Letter 12

(Clan Lion)

 

    Brethren,

    Kyuden Ikoma is under siege from the Unicorn assault. Since the battle at Toshi sano Kanimochi Kaeru, they have not paused, nor ceased, nor rested in their labors to destroy us. Some few have gone to aid in their assault on the Emperor's lands, but the rest remain outside our lands. A legion of battle maidens lies dead on the fields to the north of our palace, dead by the hand of Okura and his cursed beast. That much, you know.

    What you do not know is this: The evening after the battle, the Unicorn were routed, their spirits crushed. Yet, as the mist of twilight began to clear, I saw their horses rise from the ground. Fearing the curse of the Shadowlands, I called my retainer to the gates of Kyuden Ikoma to crush them before they could gather their strength.

    But the strangest thing of all was this: Their bodies lay on the ground, dead and cold. Only their spirits moved on the plain, and the ghosts of a hundred Unicorn turned their sightless eyes to me. They moved across the plain on ghostly horses, with steps as light as the wind. No malice hung in their eyes--only a strange confusion.
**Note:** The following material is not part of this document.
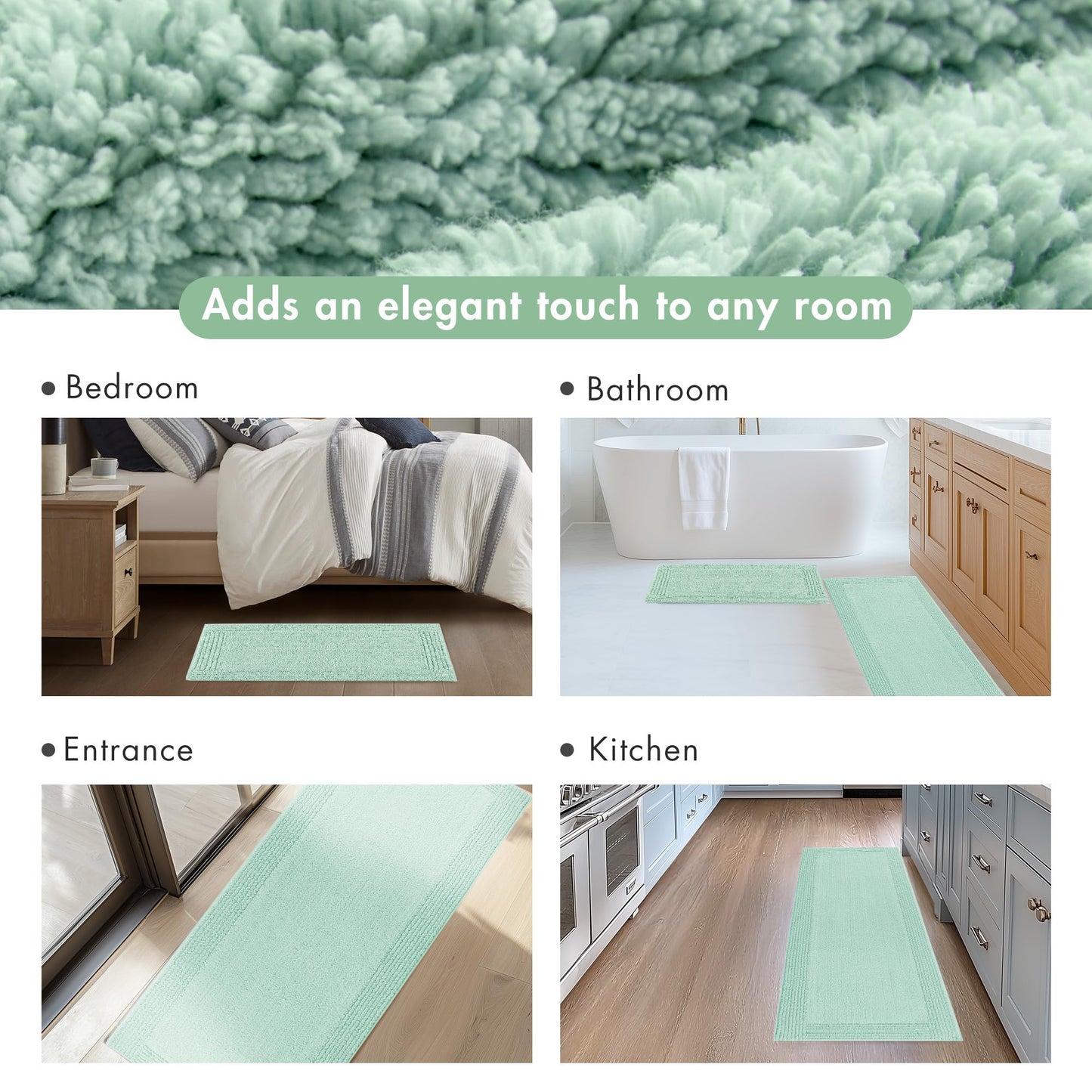 Madison Park Splendor Reversible 100% Cotton Tufted Bathroom Rug-3000 GSM Hotel Quality Luxurious Plush Medium Pile Bath Mat Absorbent, Quick Dry, Shower Room Décor, 17x24 Green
    I am no Kitsu, no ancestral-speaker. I have no magic of my own. It was not my place to speak with them, but neither sword nor courage could drive them from that field.
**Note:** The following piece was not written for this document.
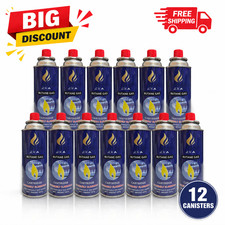 12 x BUTANE GAS BOTTLES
    "Where...?" they whispered, their wounds open and raw. "Where...," they said, and they could not hear me reply.

    I cannot imagine that they sought their Kami, even now besieging the Emperor's city. Nor can I believe that they wished to renew their battle against our walls.
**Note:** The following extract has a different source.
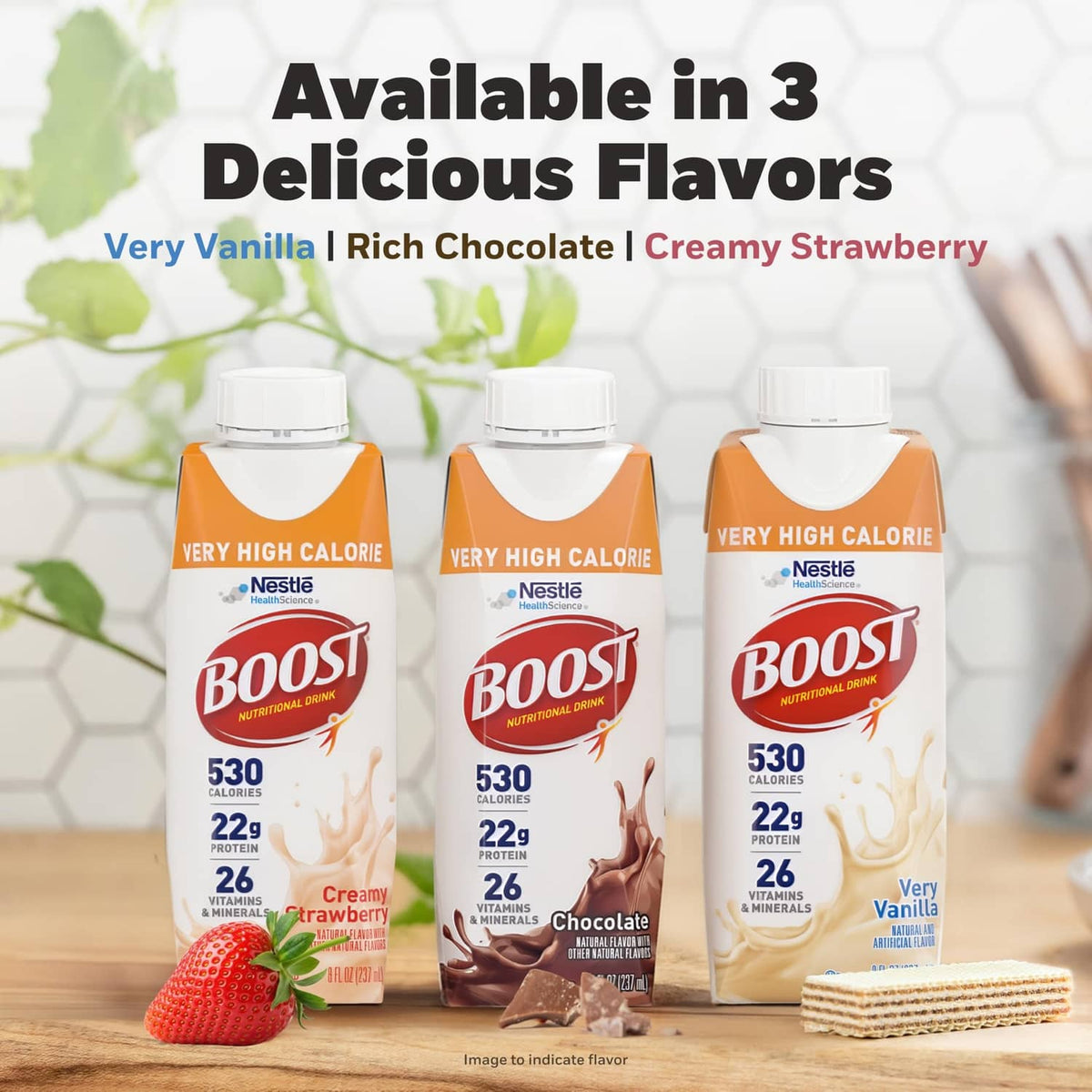 Three BOOST drink cartons labeled: Creamy Strawberry, Very Vanilla, Rich Chocolate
    I can only conclude that it was Jigoku they sought, somehow denied them through foul magic. Their eyes were haunted and blameless, and their steeds seemed confused and pale. Then, from the south, I heard the echoing cry of a thunderous horn, seemingly from the farthest wastes of the Shadowlands. The maidens turned as one, readying their weapons and spurring their steeds. They vanished into the mists around us, galloning through the walls of Kyuden Ikoma as if they could not see the stone. As silent as their ancestor, they wavered, hooves churning spectral ground and banners flapping in a wind we could not feel. When we raced to the southern wall to follow them, they were gone.